In another non-limiting embodiment shown in FIG. 4 , the training system 200 can be implemented as a single-stage training methodology. In this example, the training system 200 employs a localization and depth estimation model 225. Unlike the multi-step training methodology, which literally performs multiple-steps (e.g., region of interest extraction, inputting the image of the defect at the region of interest into the model, and estimating the depth using the depth estimation model) one input image at a time, the localization and depth estimation model 225 can input several images 109 at once, and then simultaneously output: (1) a list of all detected defects, the locations of the defects in the respective images, and the estimated depths for each of the defects; and/or (2) a depth map with bounding boxes for all individual defects in their respective input images.

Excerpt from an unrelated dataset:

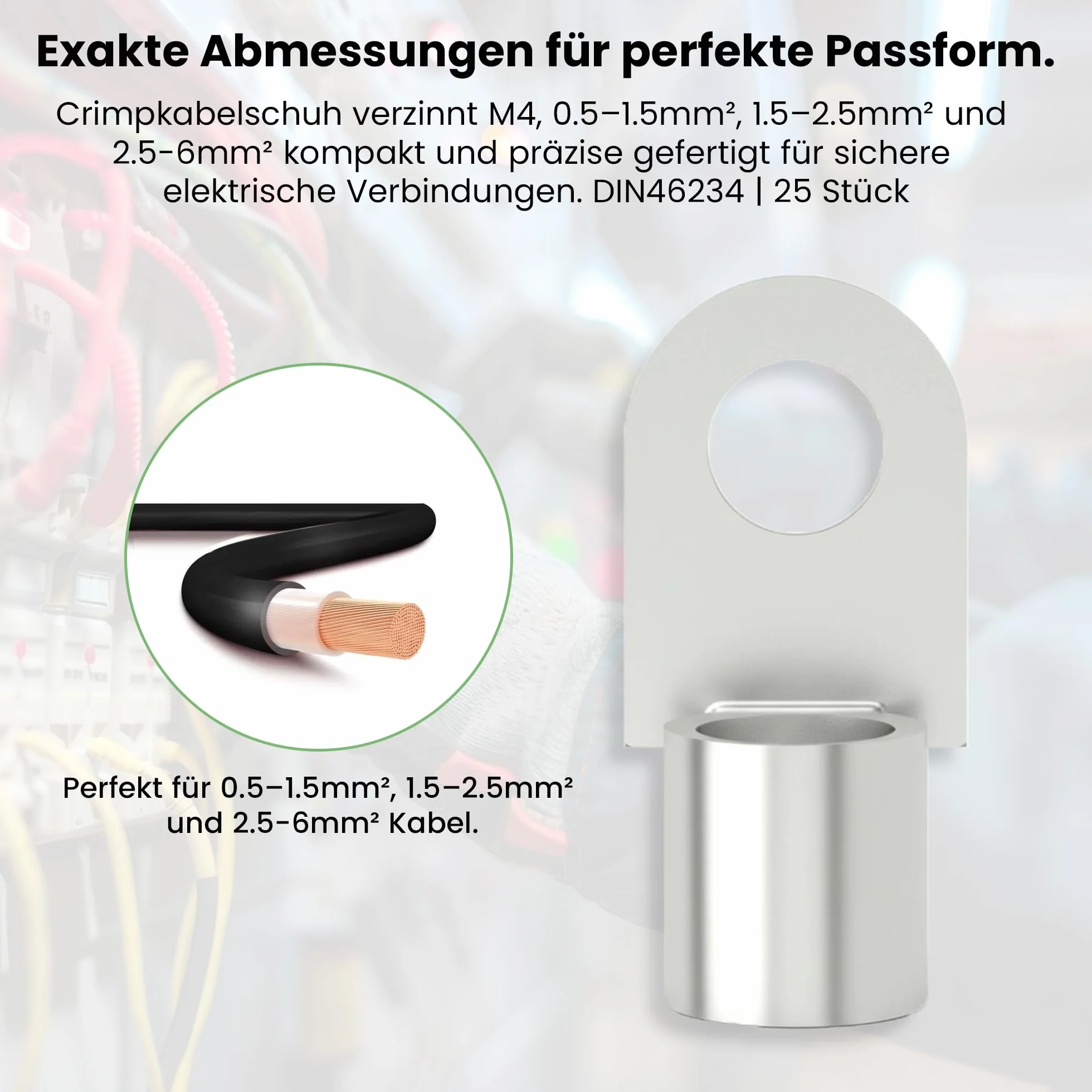 Offgridtec Końcówka zaciskowa ocynkowana M4 2,5-6 mm² 25 sztuk DIN46234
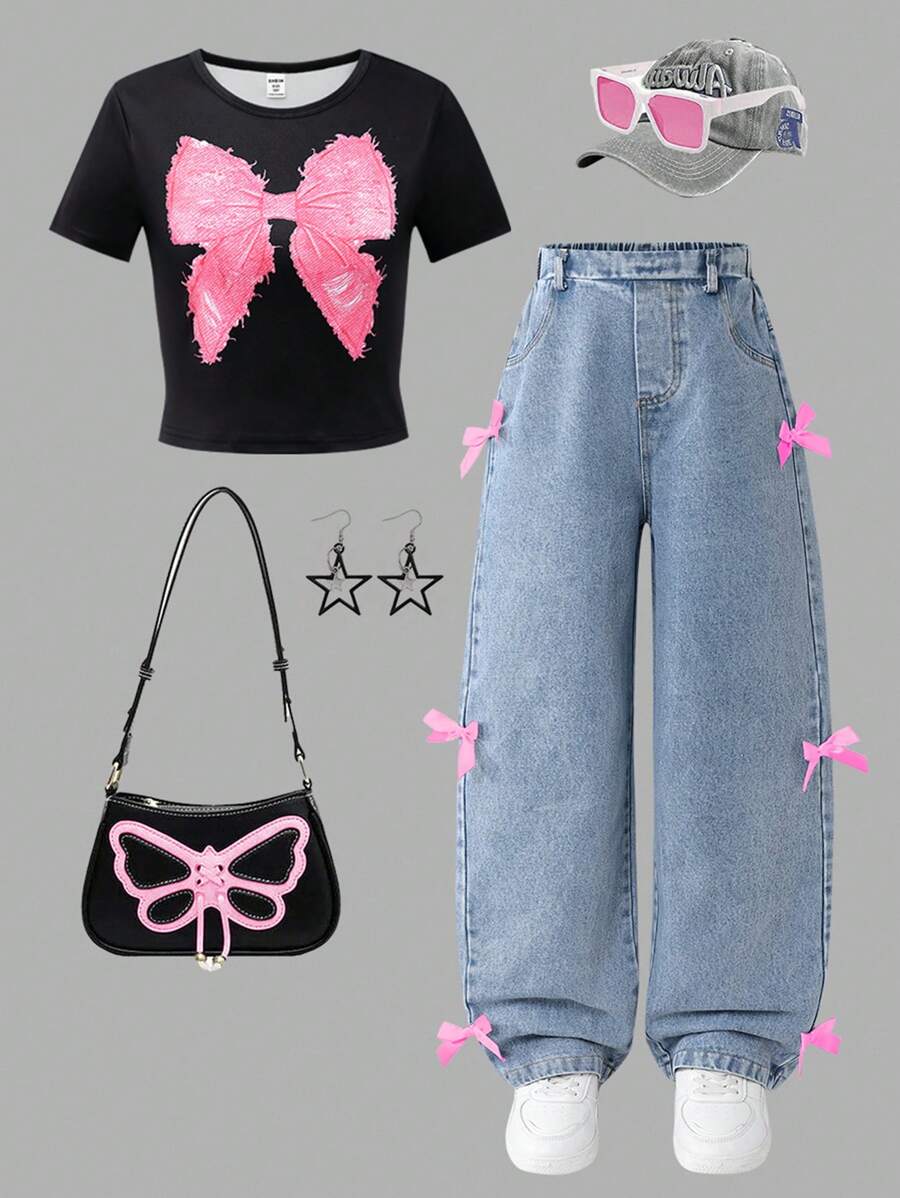 SHEIN 青少年女孩休闲两件套服装 - 蝴蝶结 T 恤和牛仔裤，适合日常穿着和通勤 - 彩色 - 查看 1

Turning to FIG. 5 , a testing operation performed using the depth estimation model 204 is illustrated according to a non-limiting embodiment. Although FIG. 5 implements the depth estimation model 204 trained according to the multi-stage training system 200 shown in FIG. 3 , it should be appreciated that the 225 trained according to the single-stage training system 200 shown in FIG. 4 can be utilized without departing from the scope of the present disclosure.
In FIG. 5 , a real two-dimensional image 250 for testing is obtained from an optical instrument 105 (e.g., a borescope). The test image 250 captures an object 108 under inspection, which is subsequently processed through the region of interest extractor 212. The region of interest extractor identifies and isolates a region of interest 109 containing a defect in the object 108 captured in the real two-dimensional image 250. This region of interest 109, now featuring the defect, is then directed into the trained depth estimation model 204. The depth estimation model 204, having been trained on suitable data described herein, leverages its learned knowledge to estimate the depth of the detected defect. The depth estimation is provided in the form of either estimated depth scalars (e.g., scalar numerical value) 218, which may be discrete or continuous, and/or an estimated depth map (i.e., a depth map imagery ranging from a minimum depth e.g., −0.×2 to a maximum depth e.g., +0.×3) 220, offering a comprehensive representation of the defect's depth characteristics (e.g., an estimation of the defect's depth).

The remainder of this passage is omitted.